▶ _Provided information_
____________

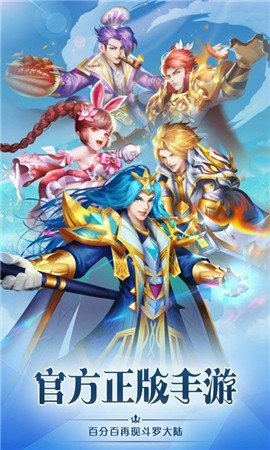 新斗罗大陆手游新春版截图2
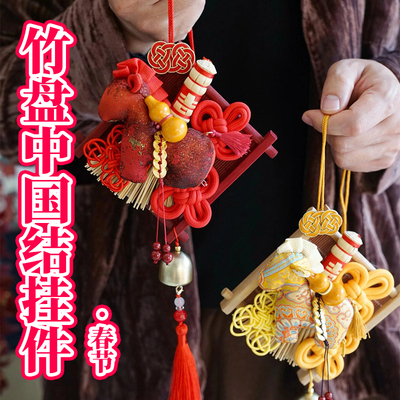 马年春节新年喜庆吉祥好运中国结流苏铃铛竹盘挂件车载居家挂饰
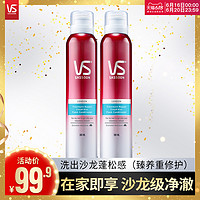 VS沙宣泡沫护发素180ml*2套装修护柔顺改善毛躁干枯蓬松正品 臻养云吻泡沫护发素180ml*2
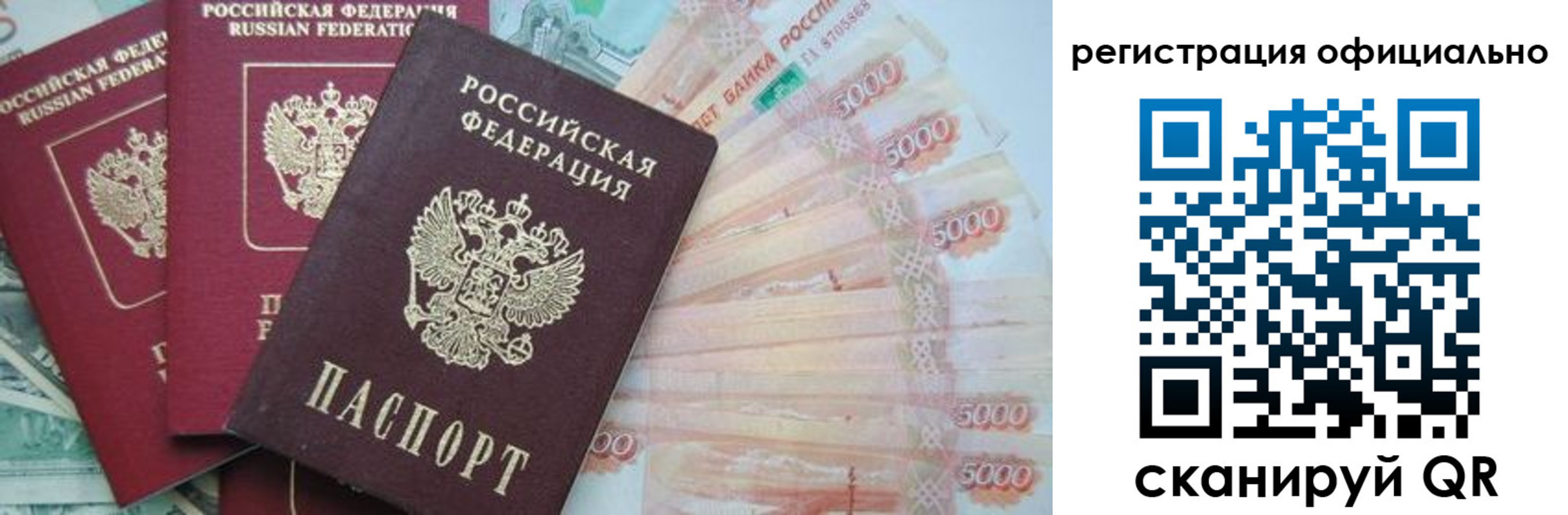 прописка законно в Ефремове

____________

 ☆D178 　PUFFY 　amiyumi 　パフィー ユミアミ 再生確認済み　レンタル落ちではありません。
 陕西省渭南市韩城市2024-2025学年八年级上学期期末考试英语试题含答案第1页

____________

▶ _Exercise objective_
For this exercise, transcribe exactly the part of the records above that opens with the line containing "马年春节新年喜庆吉祥好运中国结流苏铃铛竹盘挂件车载居家挂饰" and closes with the one containing "прописка законно в Ефремове". Pictures are not part of the copy.

▶ _Task answer_
 马年春节新年喜庆吉祥好运中国结流苏铃铛竹盘挂件车载居家挂饰
 VS沙宣泡沫护发素180ml*2套装修护柔顺改善毛躁干枯蓬松正品 臻养云吻泡沫护发素180ml*2
 прописка законно в Ефремове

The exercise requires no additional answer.